Canadian layperson Aaron Armstrong has just begun a 3-part blog series on common misconceptions about marriage. As he puts it: 'we all bring into our marriages a ton of baggage, but where our baggage gets dangerous is when it's founded on the lies that our culture and sinful natures tell us.' His post on the first lie concerns how the Western perspective is so typically centered around the self and one's own happiness.

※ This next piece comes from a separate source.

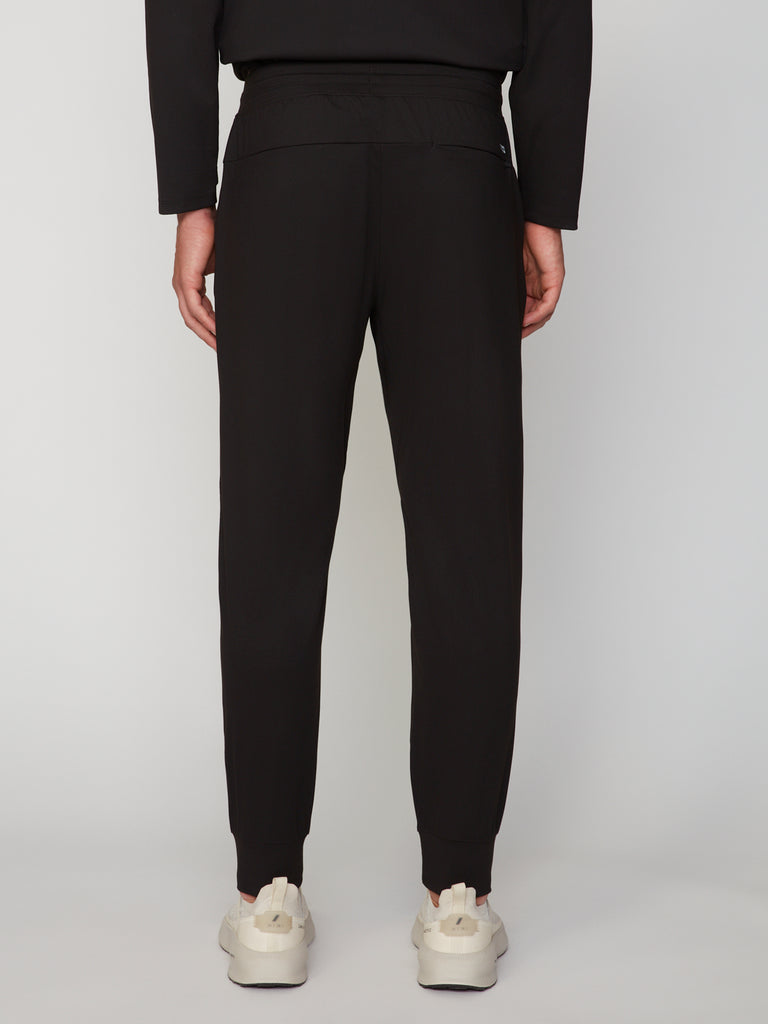 A person is shown from the back wearing TECH APPAREL MEN’S TECH:SOFT CLASSIC FIT PULL-ON CHINO JOGGER pants in black with cuffed ankles and white sneakers, standing against a plain light gray background. The joggers feature relaxed fit and Tech:Soft fabric.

A primary problem in marriage, he argues, is that we trust our feelings too much. Chalk it up to the continuing influence of 19th-century Romanticism; or maybe chalk it up to 21st-century popular postmodernism. Either way, our culture — and Christians along with it, unfortunately — seems to be deluded into thinking that our emotional responses are accurate and trustworthy guides of truth, rather than something equally corrupted by the fall and naturally inclined towards the exaltation of self.1

Stemming from the theme that the purpose of marriage is to bear witness to the gospel — both one spouse to another, and to the world around — he argues:

We think that our feelings offer a sound measure for whether or not marriage is 'working' and if we're not happy all the time, then it must be broken. . . . What we fail to recognize is the truth of Jeremiah 17:9, that 'the heart is deceitful above all things, and desperately sick; who can understand it?' The solution to the happiness problem in marriage isn’t to find someone new to be happy with, despite what our hearts might tell us. We don’t need new circumstances either. We need a heart change. This is what the gospel offers us. When Christ is the center of our marriage, and his relationship with the Church is our model, then it changes how we approach our desire for happiness. Instead of putting our own needs first, we consider the interests of others more significant than our own.

This, in itself, is a quite difficult challenge. On occasion we can bear through the things which challenge our happiness personally, such as difficulties at work or a friend letting us down. But when what challenges our happiness is the very thing that our culture says should most maximize our happiness — romantic love — that can be a real struggle.

Equally difficult is reconciling this principle to the pre-marriage phases of romance. If marriage isn't about my own happiness, what does that mean for how I date? Am I incorrectly approach relationships in a way that implicitly asserts that marriage is all about my happiness? And if so, what does correction look like? Certainly, dating isn't marriage, and so different rules will naturally apply (e.g., breaking up with someone is not comparable to divorce). But how we view marriage unavoidably affects how we approach marriage; and how we approach marriage unavoidably affects how our marriage plays out.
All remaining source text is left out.